The anticyclonic conditions, however, created a strong onshore flow that gave the cost of New South Wales almost continuous heavy rain: in Sydney the winter of 1899 was the second-wettest on record. Major flooding occurred on most coastal rivers.

Dry conditions continued throughout the rest of the year except on the coast of New South Wales, and only the heavy June falls prevented grain crops being a total failure. By the end of 1899, El Niño was already producing a very poor northern monsoon, and apart from the southeast December was unusually dry throughout Queensland, and also the Top End and Kimberley.

==1900==
The early part of this year saw one of the most complete monsoon failures in the north of Australia, especially in normally wet Cape York Peninsula where the year proved the driest on record at many stations. In February, a major heatwave and dust storms hit southeastern Australia.

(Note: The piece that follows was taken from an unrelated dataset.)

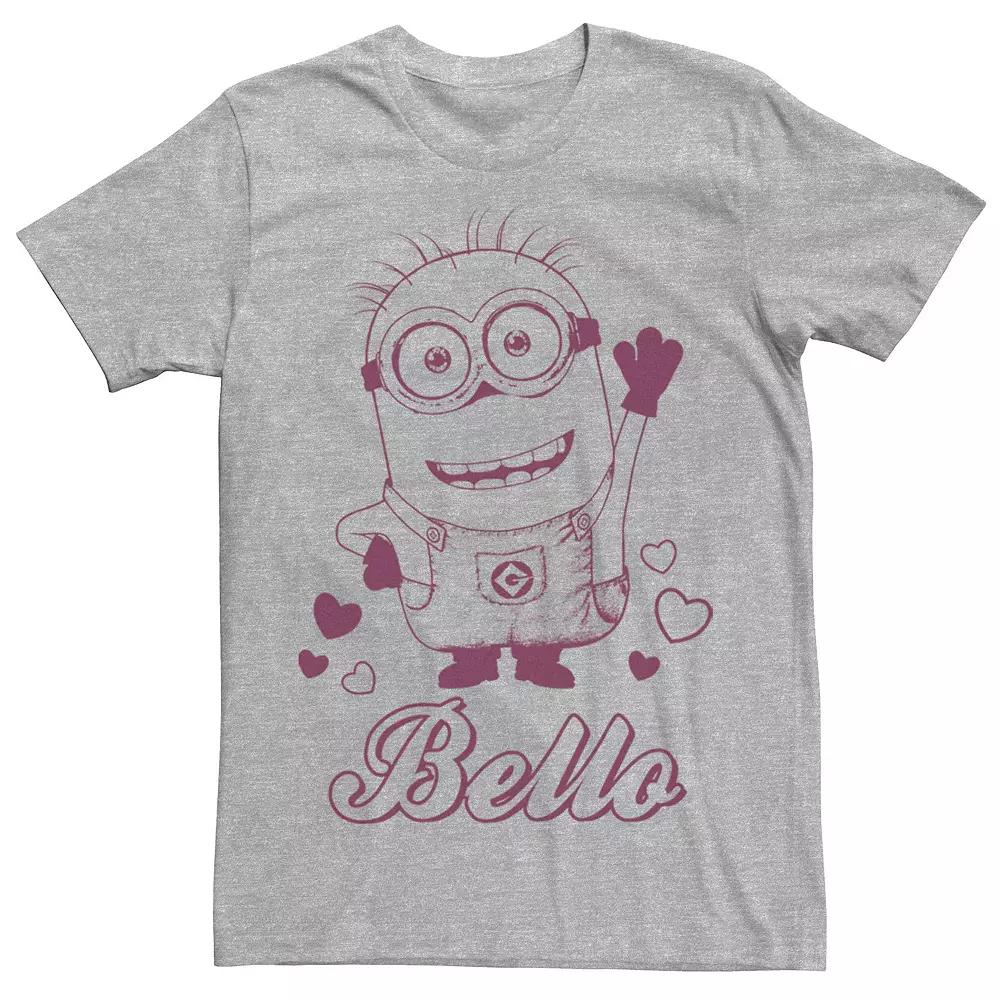 Men's Despicable Me Minions Phil Says Bello Tee,  Product Image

Although the monsoon did not return in the north, March saw the beginning of a very wet period in Victoria, South Australia, and most of Western Australia as northwest cloudbands generated repeated heavy rain. With the associated troughs developing into low pressure systems in the Tasman Sea, Melbourne and most of South Gippsland had their wettest autumn on record. On 17 May, the Yarra River was flooded and a few days later the torrential rain extended to Sydney and the south coast of New South Wales, which saw further heavy rain in June and July - in the latter case after most unseasonable rain had hit tropical northwestern Australia. In the process snow fell to low levels in New South Wales.

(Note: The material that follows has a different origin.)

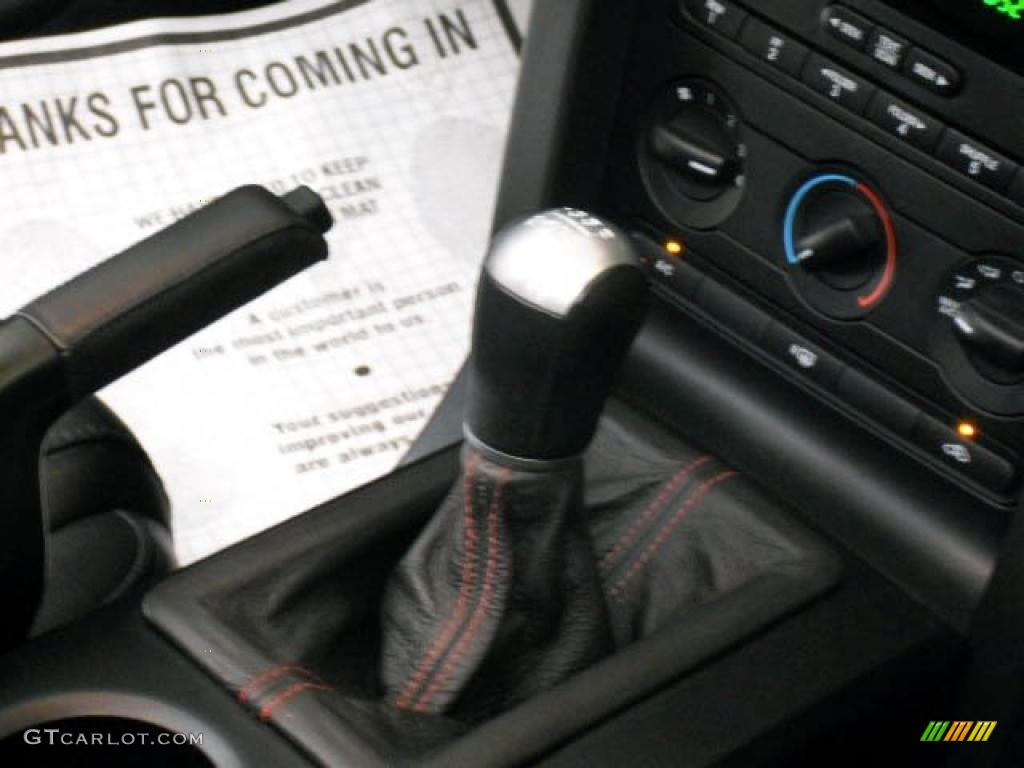 2007 Mustang Shelby GT500 Convertible - Grabber Orange / Black Leather photo #15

Tasmania and Queensland remained very dry as a result of missing the heavy autumn falls, and after some heavy rain in August over the settled areas of South Australia and southwestern Western Australia, dry conditions returned to the continent in a fashion more decisive than at any earlier stage of the drought. Almost the whole continent apart from the southeast of Western Australia was below average for the September to December period, with October being the third-driest on record in Brisbane. A promising season for the wheat and pastoral industries thus became mediocre at best.

==1901==
The monsoon in Queensland was again very poor apart from the Wet Tropics and Cape York, and in February an extremely active and vigorous monsoon low over inland South Australia brought further east not rain but a disastrous heatwave with Melbourne reporting its hottest February temperature (43.1 C) until 1983.

March was wet over northwestern Queensland, the Moreton region, South Gippsland and Tasmania, but the rains did not extend into the dry reaches of the continent. Then, despite a torrential downpour (138 mm in three days at Melbourne) producing another big Yarra flood in April, May to July was generally dry apart from June in southern coastal areas and the settled parts of South Australia, besides which June was also very cold. During July, a huge cold outbreak produced record low maximum temperatures at many places. Snow astonishingly fell as far north as Winton and at Daylesford the temperature on 26 July never rose above -2 C.

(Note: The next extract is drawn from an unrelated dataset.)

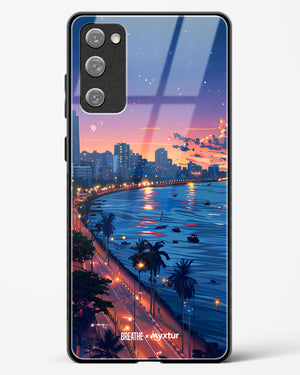 Twilight by the Sea [BREATHE] Glass Case Phone Cover (Samsung)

A record wet August over New South Wales and adjacent areas of Queensland and Victoria proved no more than a temporary respite. Very dry conditions set in during September over New South Wales, again affecting crop yields severely, and despite the first half of spring being distinctly wet over Victoria and Tasmania and these rains extending as far north as the Eyre Peninsula and Condobolin, November and December were exceedingly dry - sixth-driest and second-driest averaged over Australia since 1900.

==1902==
Although dry conditions had been a feature over significant parts of the continent since 1894, it was only this year that large-scale drought began to become genuinely disastrous.

January and February were wet over Tasmania, but distinctly dry further north, and despite a heavy storm over southern Victoria and the settled areas of South Australia, March continued the trend of complete summer rainfall failure in New South Wales and Queensland. Most areas of those two states had their lowest rainfall for the November to March period on record, and April was even worse—being averaged over Australia, the driest month of the twentieth century, with a rainfall of only 3 mm. Sheep and cattle over the inland pastoral districts were already starving, and so extensive was the drought that agistment was not available in any place to which transport could be arranged. The result was that sheep died in numbers that have never been equalled before or since: some sources estimate that half the sheep population was lost in the drought.

Although in southwestern Australia—often looked upon as a "saviour" when the rains fail further east—the rainy season began on time in May, the dry weather continued without a break in the eastern states. Then, despite June being quite wet in southern Victoria, Tasmania and even parts of South Australia, the month's rain was associated with Antarctic air outbreaks that produced extremely severe frosts and several cases of low-level snowfalls. Oatlands recorded a temperature as low as -12 C during one of these outbreaks, and snow fell in Hobart. Worse still, northern New South Wales and southern Queensland remained as dry as ever, and southwestern Australia was very dry.

Despite torrential rains in July around Eden and heavy rains in the far southwest of Western Australia, rainless or near-rainless conditions continued elsewhere with extremely severe frosts. August was the driest-ever winter month in Perth with only 12 mm, and Melbourne, equally dry, set a record for lowest mean August minimum temperature at 4.5 C broken only in 1943 and 1944.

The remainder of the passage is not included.